La favela de Rocinha (photo flickr/metamorfose_ambulante)
 La favela de Rocinha compte 120 000 habitants. (photo flickr/metamorfose_ambulante)

En 2008, le gouvernement brésilien décide de remédier à un problème qui ronge le pays depuis des dizaines d’années : la mainmise des gangs de trafiquants sur des quartiers entiers de Rio. Conjointement, l’ancien président Luiz Inacio Lula da Silva, le gouverneur de l’Etat Sérgio Cabral et le maire de Rio Eduardo Paes scellent une alliance et lancent une opération de « pacification » des favelas, en préparation de la Coupe du monde de football. Plutôt que de s’évertuer à lutter contre le trafic de drogue ###### – en vain – les forces de police se concentrent à faire baisser la criminalité et assurer le retour d’un État de droit en chassant les trafiquants des quartiers dans lesquels ils font la loi.

Afin d’éviter tout acte de violence, l’arrivée des unités de police est annoncée à l’avance afin que les gangs puissent quitter les quartiers. Dans la favela de Rocinha, par exemple, l’opération s’est déroulée à travers l’intervention de centaines de policiers et militaires, appuyés par des hélicoptères et des blindés. Un gigantesque dispositif dont l’ampleur a davantage un rôle intimidant. Sur le papier, l’opération est un franc succès. Dans les treize premières favelas ou la pacification a été menée, le gouvernement revendique une chute de 70% du nombre de morts violentes. Les décès dus à des interventions policières sont proches de zéro. En 2013, une quarantaine d’unités de police pacificatrice (UPP) avaient été installées dans les favelas de Rio.

Le 13 novembre 2011, le gouvernement brésilien lance l'opération de "pacification" dans le favela de Rocinha, habité par 120 000 personnes. (photo Rodrigo Lobo)
Le 13 novembre 2011, le gouvernement brésilien lance l’opération de “pacification” dans le favela de Rocinha. (photo Rodrigo Lobo)

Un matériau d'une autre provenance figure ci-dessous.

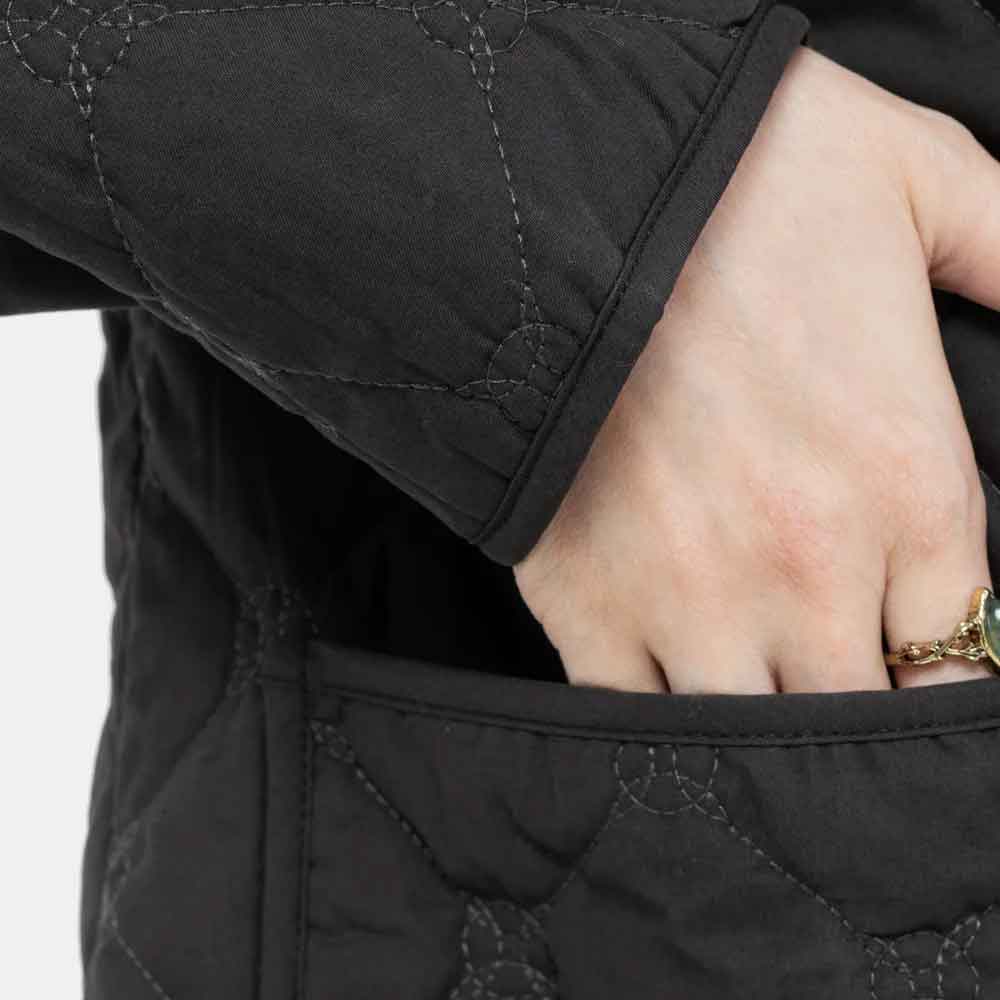 Close up of a Cotton Quilted Jacket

Mais pour les habitants, la colline a simplement changé de patron. Fabiana Rodrigues, fondatrice du collectif Rocinha Em Foco, a raconté au site d’information The Observers comment les choses avaient évolué depuis l’arrivée des UPP dans son quartier en 2011. « Avant l’opération de “pacification”, on entendait moins de coups de feu et de cris, il y avait moins de vols… Curieusement, on se sentait plus en sécurité, peut-être parce qu’on était soumis à la “loi du trafic”. Maintenant, des gens nous contactent tous les jours pour nous raconter qu’ils se sentent en insécurité, ou qu’ils ont été témoins d’échanges de tirs, de vols et d’autres crimes dans la rue ».

Selon la jeune femme, le trafic de drogue a toujours lieu dans la favela et les promesses faites en matière de politique sociale n’ont pas été tenues. De plus, les opérations de « pacification » sont aussi entachées par des rumeurs de torture et de corruption visant les agents de l’UPP. « Avant, un enfant pouvait marcher tout seul dans la rue, sans peur. Aujourd’hui, c’est impossible », conclut Fabiana.